Twenty-six engaging and suspense-filled stories unfold from across Germany, Poland, the Netherlands, France, Belgium, Denmark, Great Britain, and the United States, providing an inspiring reminder of women and girls’ refusal to sit on the sidelines around the world and throughout history.

An overview of World War II and summaries of each country’s entrance and involvement in the war provide a framework for better understanding each woman’s unique circumstances, and resources for further learning follow each profile. Women Heroes of World War II is an invaluable addition to any student’s or history buff’s bookshelf.

My Review:

I tend to read fiction, but occasionally non-fiction catches my attention and leaves an impression.  Women Heroes of World War II  in particular came to mind for Memorial Day. This is an excellent book for beginning research into WWII history and key female heroes of the war.

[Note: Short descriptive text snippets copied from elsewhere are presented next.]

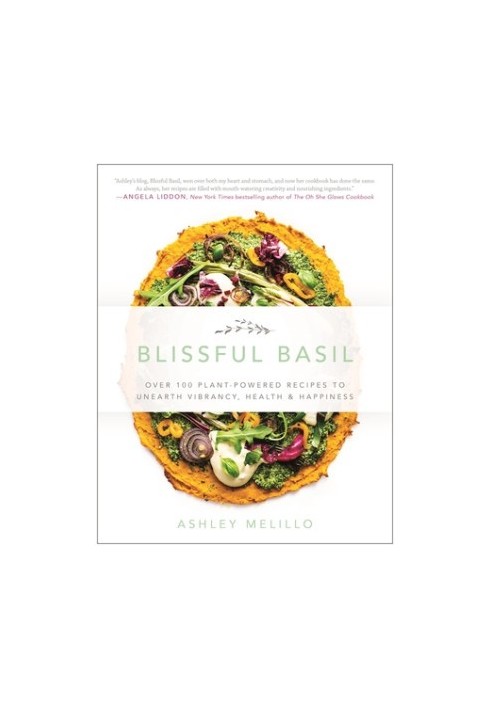 Blissful Basil • Over 100 Plant-Powered Recipes to Unearth Vibrancy, Health & Happiness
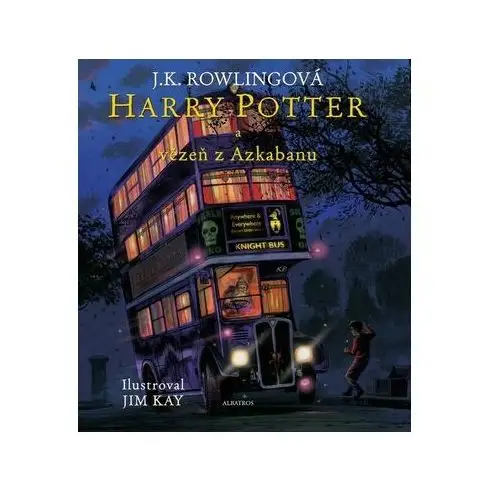 J. k. rowling Harry potter a vězeň z azkabanu - ilustrované vydání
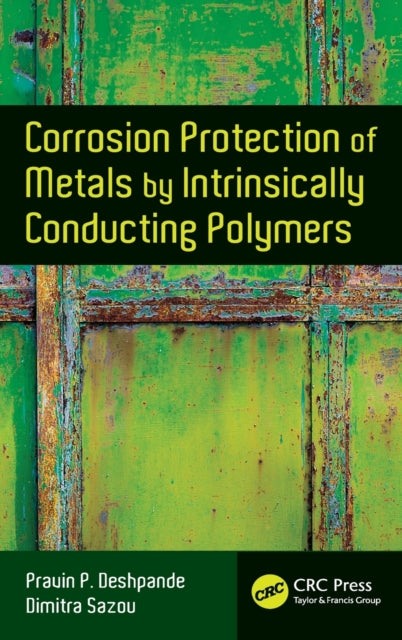 Book cover of: Corrosion Protection of Metals by Intrinsically Conducting Polymers. By: Pravin Pralhad Deshpande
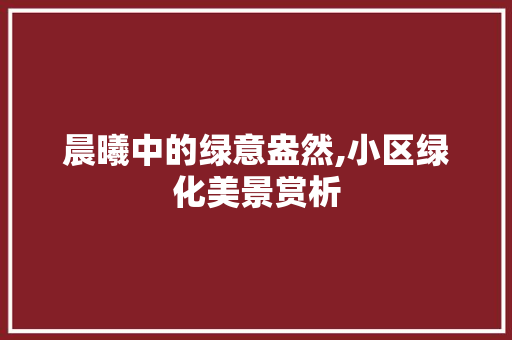 晨曦中的绿意盎然,小区绿化美景赏析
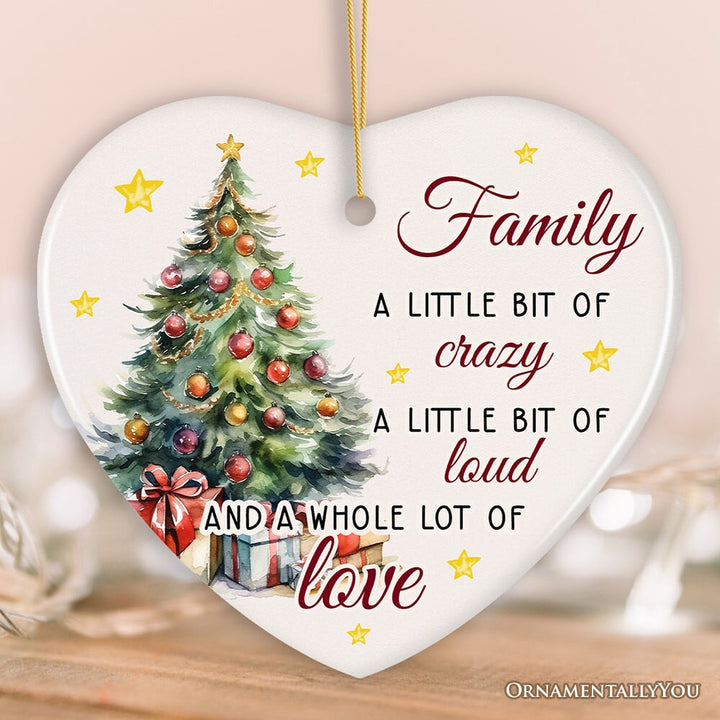 Funny Family Quote Ornament, Artistic Christmas Appreciation Gift and Tree Decor Ceramic Ornament OrnamentallyYou Heart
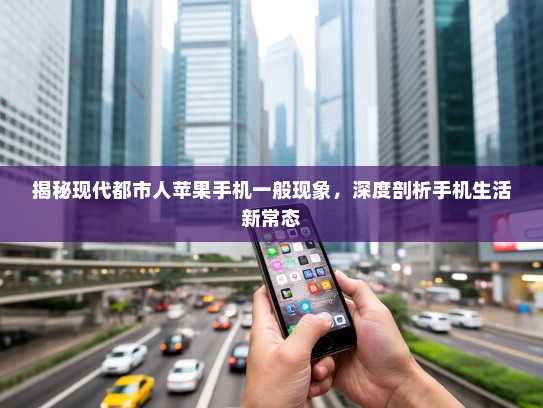 揭秘现代都市人苹果手机一般现象，深度剖析手机生活新常态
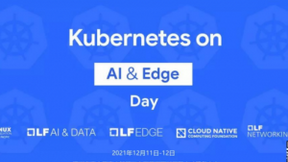 Kubernetes on AI ＆ Edge Days即将盛大召开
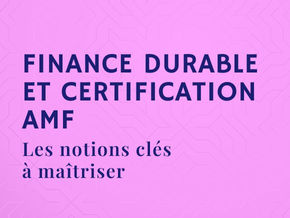 Finance durable et certification AMF : les notions clés à maîtriser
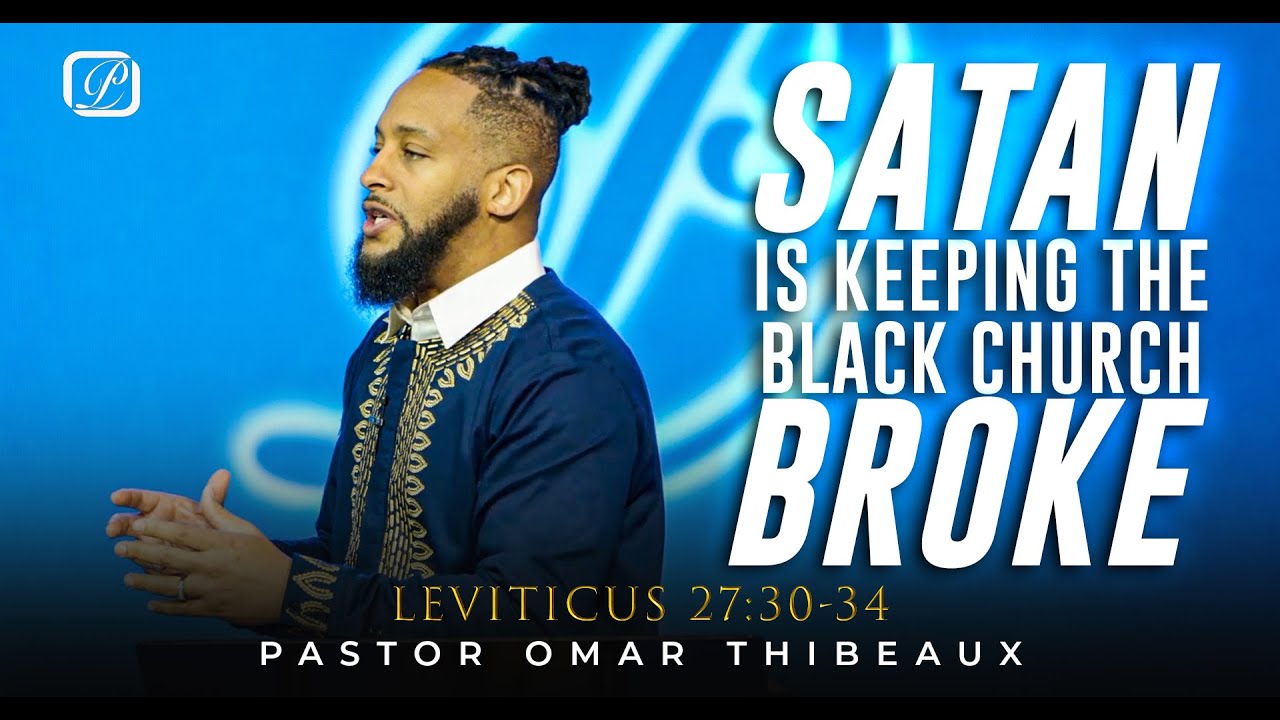 Satan Is Keeping The Black Church Broke - Pastor Omar Thibeaux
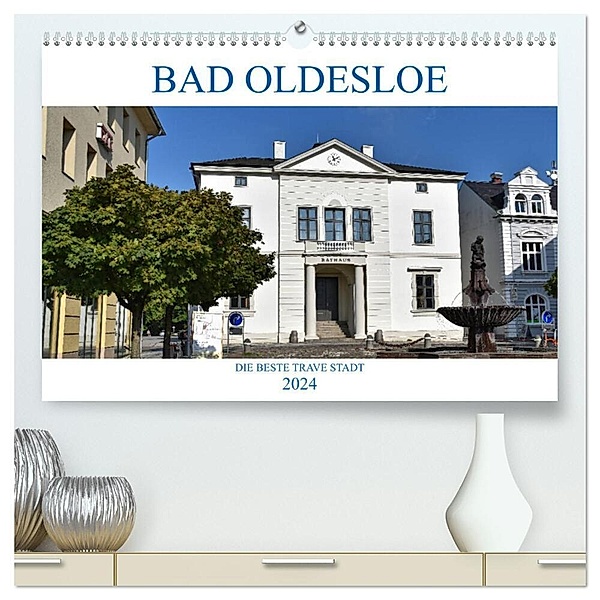 Bad Oldesloe 2024 (hochwertiger Premium Wandkalender 2024 DIN A2 quer), Kunstdruck in Hochglanz, Markus Rein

The hardships, courage, and sacrifices faced by the women and men in the stories is amazing and heart-wrenching all at the same time. The book is well organized and offers links to additional reading and online materials. Consider adding this to your “books to read” list and remember those who paid the ultimate price for freedom and peace.  

Note: This book was in the “Young Adult” section of the bookstore.  There are some sensitive situations in this book and I feel a parent would want to consider the maturity and comprehension level of my young teenager before allowing them read the book.